● Data records:
★ ★ ★ ★

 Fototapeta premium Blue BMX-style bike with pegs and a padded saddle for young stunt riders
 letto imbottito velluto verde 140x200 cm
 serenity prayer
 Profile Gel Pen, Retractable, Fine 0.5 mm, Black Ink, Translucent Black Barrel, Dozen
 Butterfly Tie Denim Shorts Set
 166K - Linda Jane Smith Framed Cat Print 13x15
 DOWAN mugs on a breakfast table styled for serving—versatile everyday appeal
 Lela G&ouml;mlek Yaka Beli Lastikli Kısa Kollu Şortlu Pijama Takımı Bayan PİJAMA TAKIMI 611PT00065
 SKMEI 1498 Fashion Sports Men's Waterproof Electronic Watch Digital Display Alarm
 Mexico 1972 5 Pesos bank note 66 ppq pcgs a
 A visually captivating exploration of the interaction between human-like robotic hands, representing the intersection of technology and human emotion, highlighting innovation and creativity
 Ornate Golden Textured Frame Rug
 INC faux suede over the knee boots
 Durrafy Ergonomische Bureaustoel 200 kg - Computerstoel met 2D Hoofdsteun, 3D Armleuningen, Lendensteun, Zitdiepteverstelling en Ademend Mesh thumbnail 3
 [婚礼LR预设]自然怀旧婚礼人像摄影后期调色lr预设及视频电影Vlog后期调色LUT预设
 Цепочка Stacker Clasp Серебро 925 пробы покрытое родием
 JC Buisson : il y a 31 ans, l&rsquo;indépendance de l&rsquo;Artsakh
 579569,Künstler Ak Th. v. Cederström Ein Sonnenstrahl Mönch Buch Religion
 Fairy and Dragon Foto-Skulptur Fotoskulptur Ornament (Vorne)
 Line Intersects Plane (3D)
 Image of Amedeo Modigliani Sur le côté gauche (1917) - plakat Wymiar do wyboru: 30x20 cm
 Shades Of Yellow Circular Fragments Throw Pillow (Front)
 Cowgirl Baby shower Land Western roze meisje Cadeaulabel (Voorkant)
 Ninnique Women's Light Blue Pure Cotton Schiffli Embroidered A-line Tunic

★ ★ ★ ★

● Problem to solve:
Write out the listing exactly from its first line to the line containing "Lela G&ouml;mlek Yaka". Both of those lines belong in the answer.

● Written answer:
 Fototapeta premium Blue BMX-style bike with pegs and a padded saddle for young stunt riders
 letto imbottito velluto verde 140x200 cm
 serenity prayer
 Profile Gel Pen, Retractable, Fine 0.5 mm, Black Ink, Translucent Black Barrel, Dozen
 Butterfly Tie Denim Shorts Set
 166K - Linda Jane Smith Framed Cat Print 13x15
 DOWAN mugs on a breakfast table styled for serving—versatile everyday appeal
 Lela G&ouml;mlek Yaka Beli Lastikli Kısa Kollu Şortlu Pijama Takımı Bayan PİJAMA TAKIMI 611PT00065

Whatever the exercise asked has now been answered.